When Farouk speaks, her words are steady but charged with purpose. She is not just describing a start-up; she is describing a quiet act of rebellion — one that began with a scooter and a question no one seemed to ask out loud: why should not women ride?

In 2019, Farouk and her sister, Menna, launched Dosy, Egypt’s first women-led mobility platform dedicated to training, ride-hailing, and motorbike buying/selling. What began as a simple effort to teach women to ride has grown into a movement, challenging traffic, tradition, and the long-held notion that streets belong to men.

From Medicine to Mobility

Before Dosy, Farouk’s life was in white coats, not helmets. “I graduated from medical school and completed my master’s in Internal Medicine at Ain Shams University,” she recalls. “Dosy began during my residency year.

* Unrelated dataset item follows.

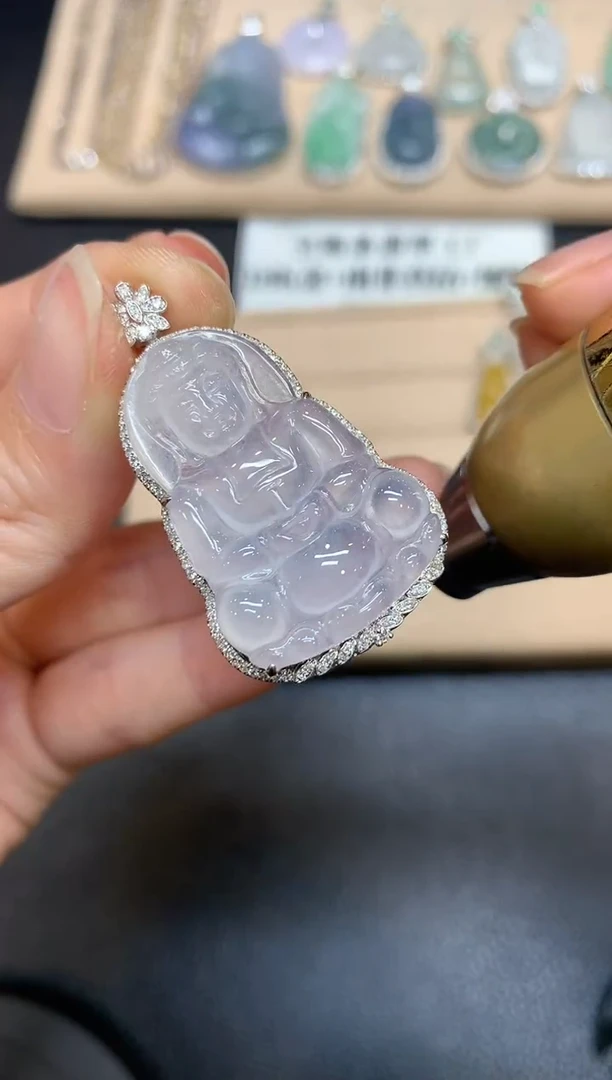 【闪购商品】翡翠颈饰18K金镶嵌观音【无服务费】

My sister, who had prior experience working in start-ups, suggested it. She said, “‘Why don’t we start something like this?’ and we just went for it.”

At the time, Farouk knew nothing about entrepreneurship. “I was used to structure; the hierarchy of hospitals, the certainty of medicine,” she tells Egyptian Streets. “But, when we started Dosy, people were unusually excited. Within six months, someone from South Africa reached out to write about us. It was the first sign we were onto something real.”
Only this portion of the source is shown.